Palermo, tre arresti per furto: rubati tubi di rame e borseggiato un anziano al mercato
Due distinti interventi della Compagnia San Lorenzo portano all'arresto di tre persone; gli arresti sono stati convalidati dal GIP.
I Carabinieri della Compagnia San Lorenzo hanno arrestato tre palermitani in due operazioni distinte, ritenuti responsabili — a vario titolo — di tentato furto aggravato e furto con destrezza. Gli arresti, eseguiti durante controlli mirati contro i reati predatori, sono stati poi convalidati dal Giudice per le Indagini Preliminari del Tribunale di Palermo.
Due interventi distinti
Il primo intervento, condotto dai militari della Stazione Crispi, è scattato dopo una segnalazione al 112 che indicava persone sospette all'interno dell'area dell'ex Motel Agip. I Carabinieri, entrati con cautela nel sito, hanno sorpreso due giovani di 20 e 25 anni, già noti alle forze dell'ordine, mentre stavano asportando tubi di rame, parte dei quali era già stata caricata su un mezzo di loro disponibilità. Nel corso della perquisizione sono stati trovati numerosi arnesi da scasso utilizzati per il furto; per i due è scattato l'arresto per furto aggravato.

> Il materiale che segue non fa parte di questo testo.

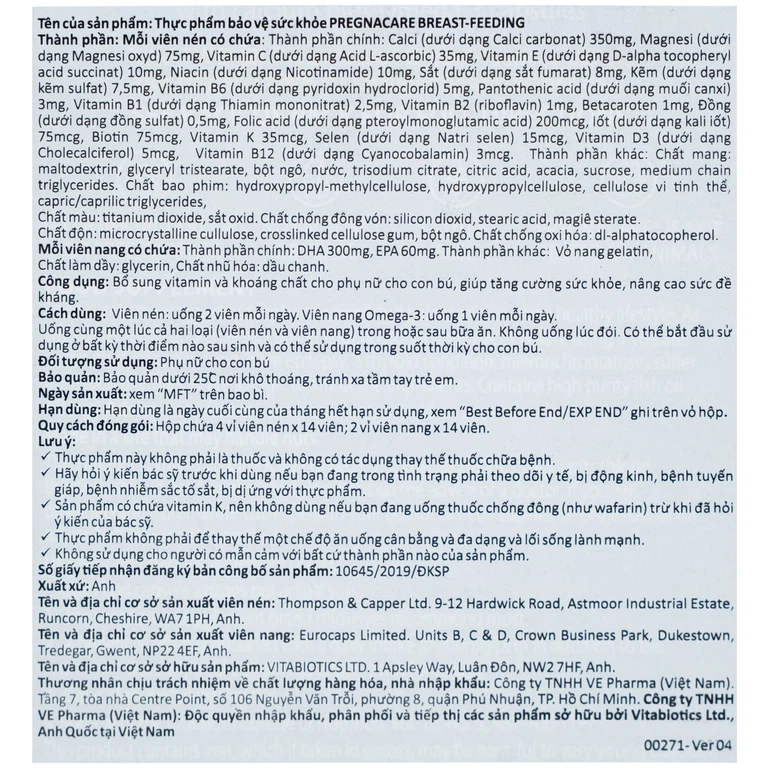 Viên uống Pregnacare Breast Feeding Vitabiotics bổ sung vitamin và khoáng chất cho phụ nữ cho con bú (6 vỉ x 14 viên)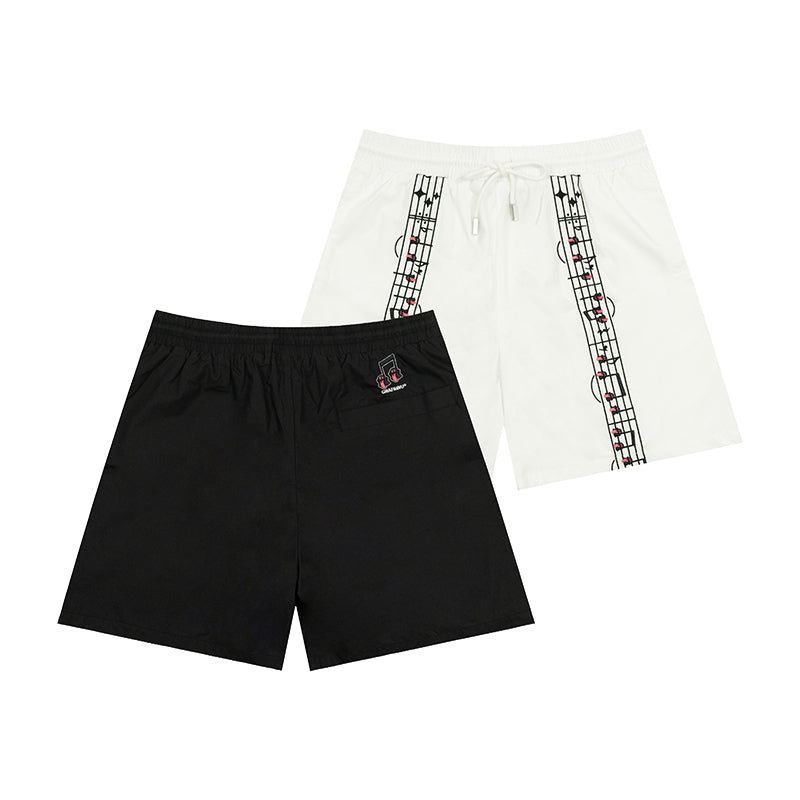 GRAF&WU Music Note Cute Ghost Embroidery Sports Shorts
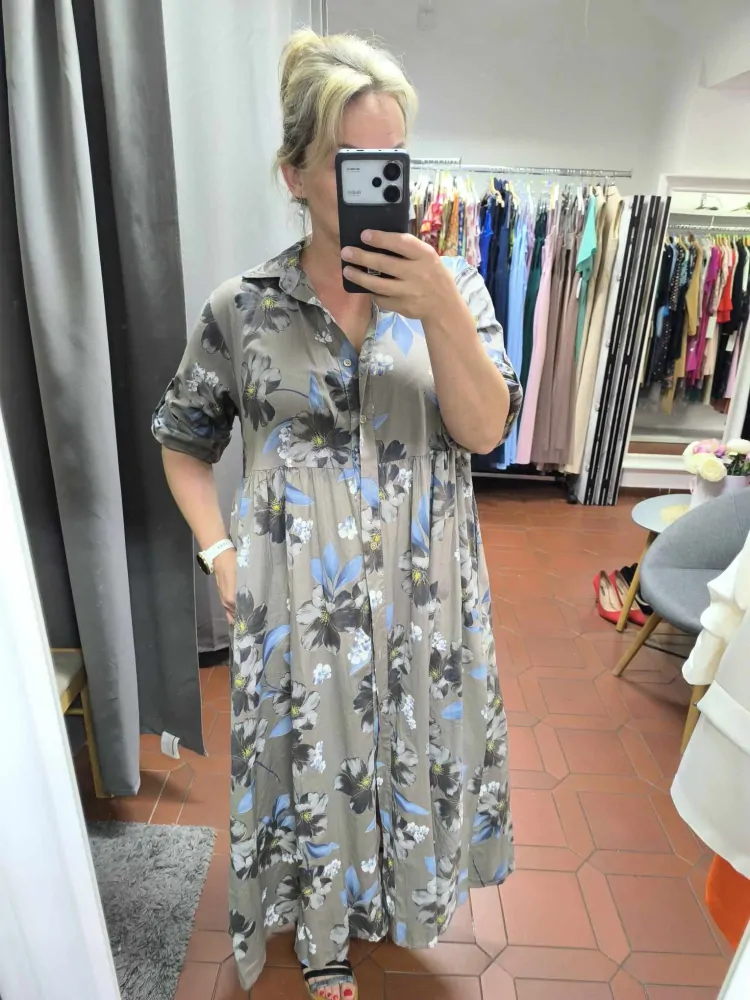 Košilové PLUS SIZE šaty šedé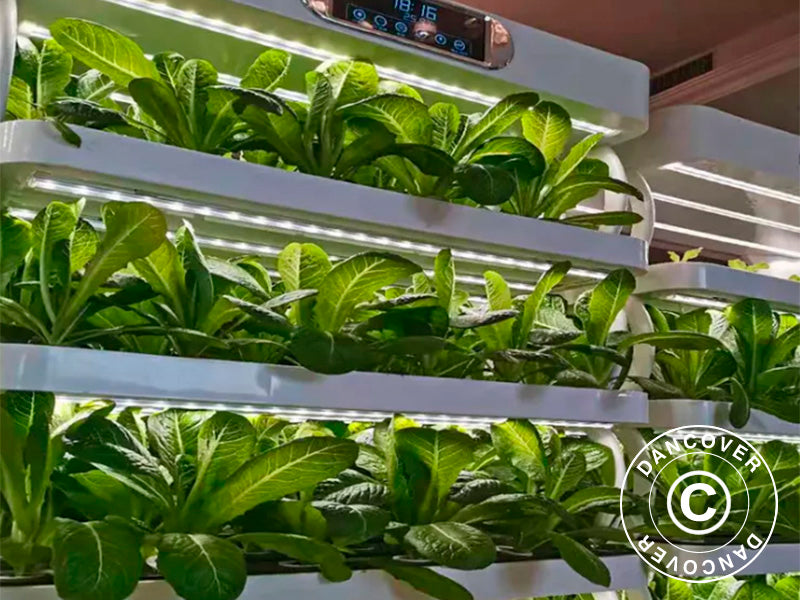 Hydroponisk vækstskab m/LED, 0,77x0,4x1,7m, Hvid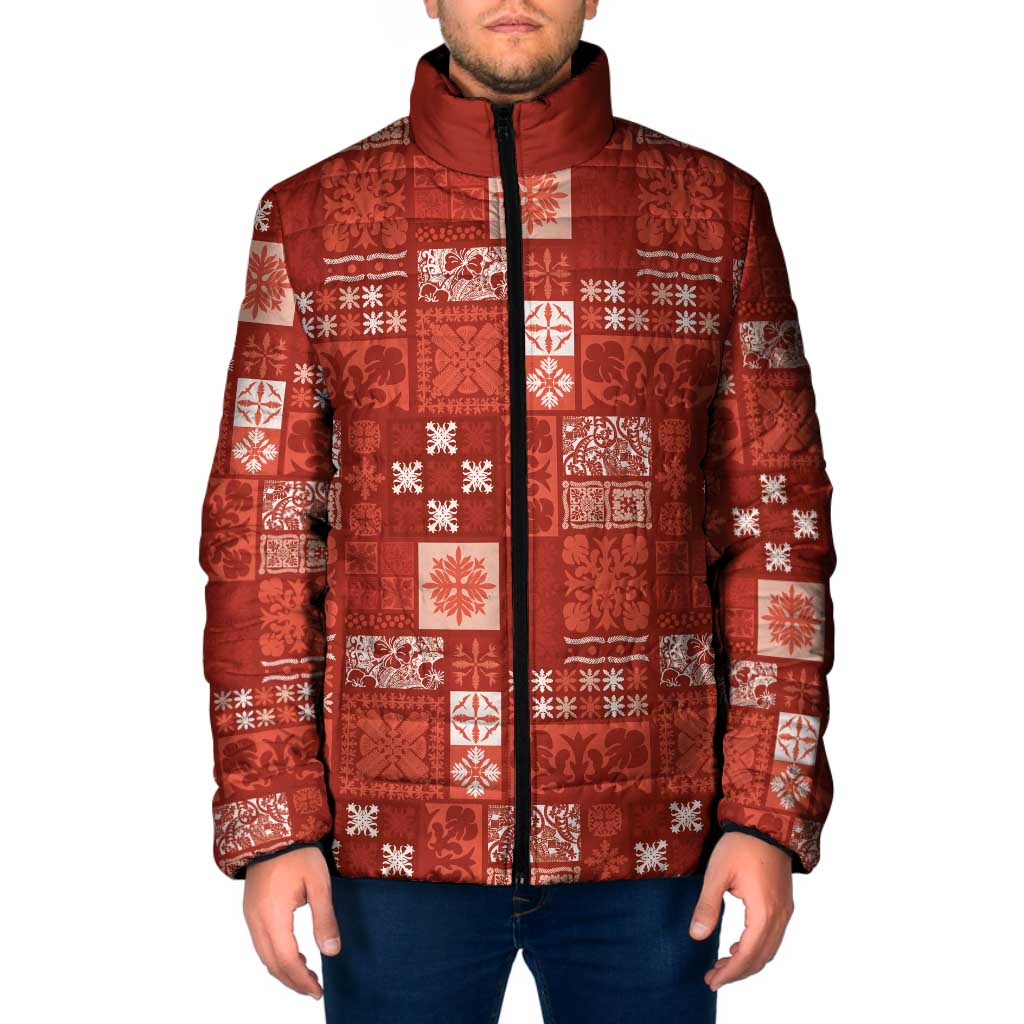 Vintage Hawaiian Quilting Patterns Padded Jacket Red Style Tribal Fabric Patchwork LT9 Men Red - Polynesian Pride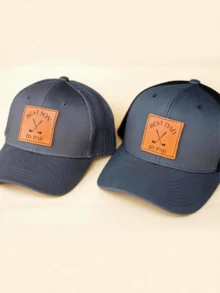 2 buah Topi Baseball Jala Personalisasi Ayah-Anak, Hadiah untuk Ayah dan Anak, Topi Jala Bernapas yang Melindungi dari Sinar Matahari - Hitam - View 3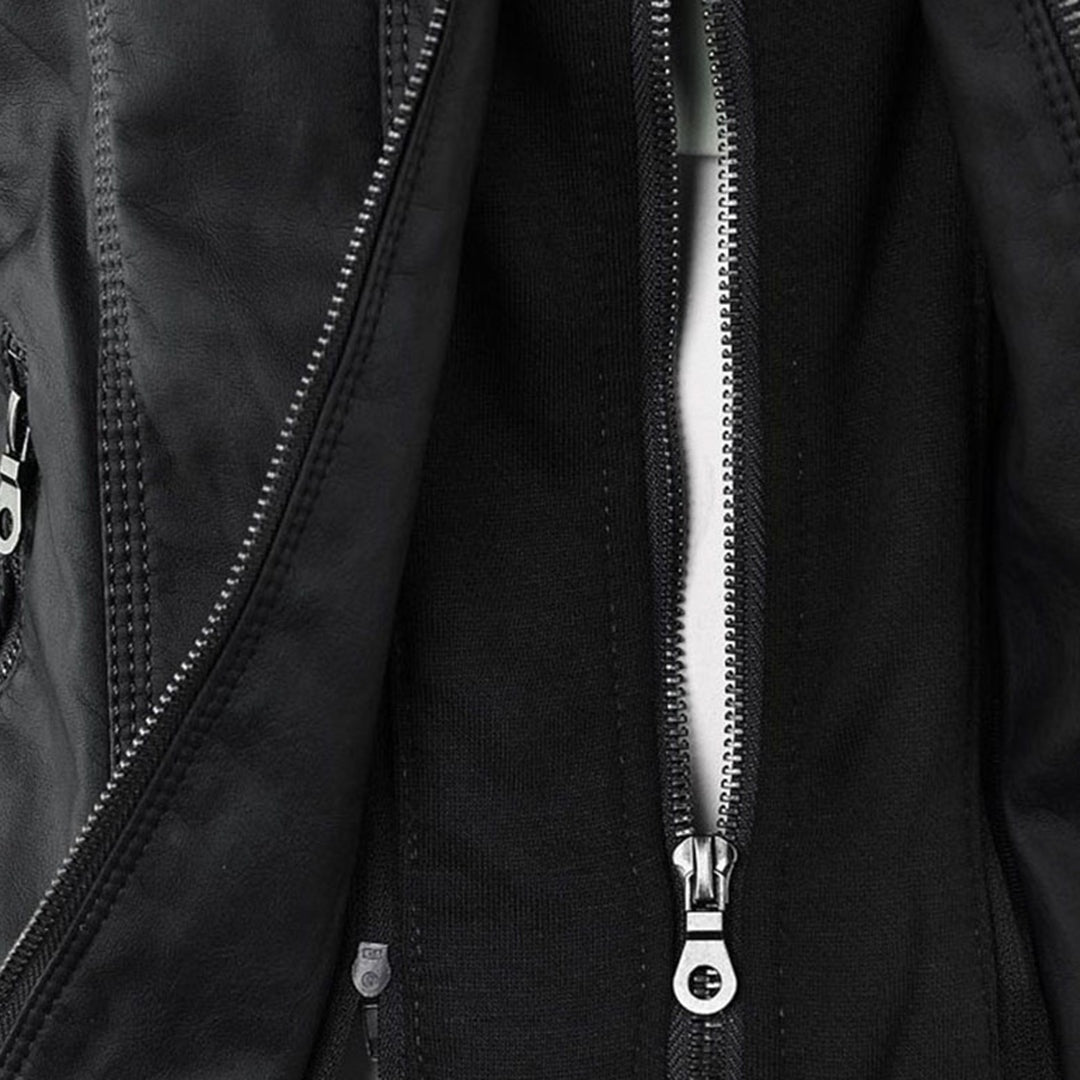 Casaco feminino de couro sintético com capuz removível, um must-have para um visual casual chic.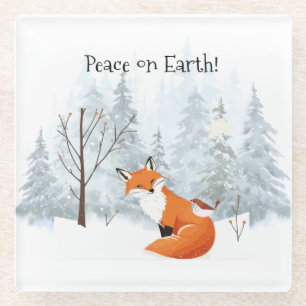 Beautiful Peace on Earth Red Fox Bird Winter  Glass Coaster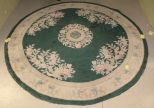 Round Green Chinese Rug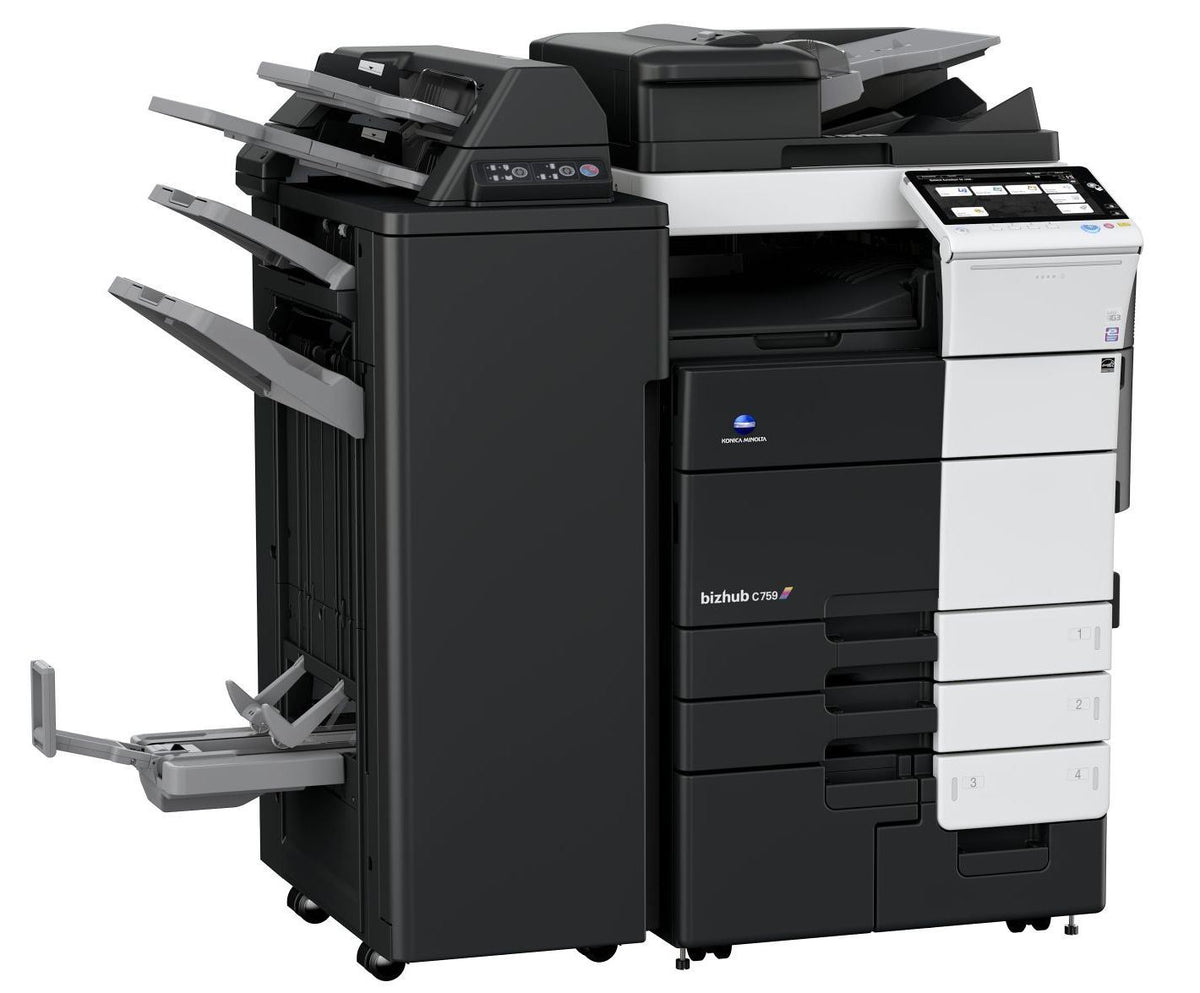 Konica Minolta bizhub C759, Dual Scan DF, Duplex, Bypass, Emperon, 4 x cass, 2GB RAM, 250GB HDD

Parallelamente, i militari della Stazione Uditore hanno fermato un uomo di 42 anni, anch'egli noto alle forze dell'ordine, ritenuto responsabile di furto con destrezza al mercatino rionale di Piazzale Giotto. Secondo la ricostruzione dei Carabinieri, il 42enne avrebbe agito con due complici: questi ultimi avrebbero distratto un anziano con un pretesto, consentendo al fermato di sottrarre il portafoglio. L'intervento immediato degli operanti, reso complesso dalla folla presente, ha però permesso di bloccare il sospetto in flagranza, mentre i due complici sono riusciti a dileguarsi.
Aspetti giudiziari e procedure
Tutte le persone arrestate sono, allo stato, gravemente indiziate e la loro posizione sarà valutata dall'Autorità giudiziaria nel corso dell'iter processuale. È doveroso ricordare il rispetto del principio della presunzione di innocenza fino a eventuale sentenza definitiva. Le indagini proseguiranno per accertare eventuali responsabilità aggiuntive e per individuare i complici ancora in fuga.